Things aren’t always what they seem. And we humans, being mostly risk-averse creatures, prefer to know what we are getting, this perhaps being why we put so much stock in brand names. We trust them to deliver what we believe they always will. But is Apple objectively better than its competitors? Is Made in Italy intrinsically better than Made in China?
Provenance, and its corollary, a concern for ethics and sustainability, have never been more important than in our age of globalized trade.
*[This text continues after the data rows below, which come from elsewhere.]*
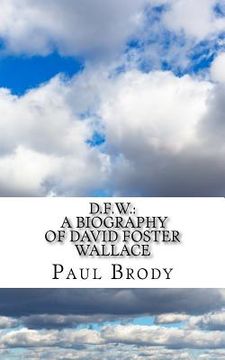 portada D.F.W.: A Biography of David Foster Wallace (en Inglés)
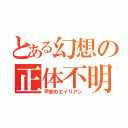 とある幻想の正体不明（平安のエイリアン）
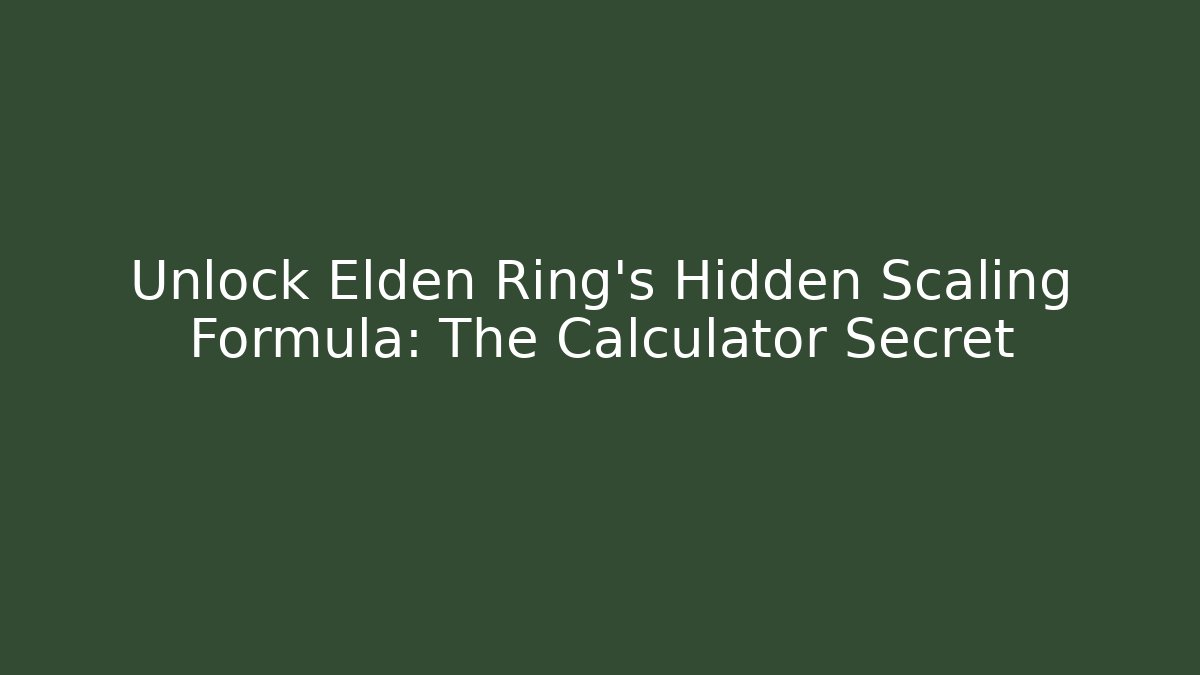 Unlock Elden Ring's Hidden Scaling Formula: The Calculator Secret - Critter Realm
Which is why we will pay more for a product made in Switzerland—there is a 50 per cent premium on Swiss cheeses and cosmetics and a 100 per cent one on “Swiss-Made” luxury watches, according to a study released by the University of St. Gallen last year.
Why is this? The perceived Swiss character—orderliness, prudence, discretion, precision—has been projected onto the country’s products. Swiss chocolate? Pure. Swiss trains? On time, precise. Watches are practically synonymous with the Swiss—and vice versa.
Not bad for something that didn’t even exist until 325 years ago, when Louis XIV made life in France extremely difficult for the Huguenots, causing many to flee to Switzerland. That Swiss watchmaking became such a strong trade is a tribute to those 17th-century Protestant refugees and their many generations of descendants.
Edouard Meylan is one such descendant. His family has been in watchmaking for “five, six generations,” he says. Since 2013, he has been CEO of a 189-year-old Swiss watch company called H. Moser & Cie. Meylan is someone you would expect to be a staunch defender of “Swiss Made”.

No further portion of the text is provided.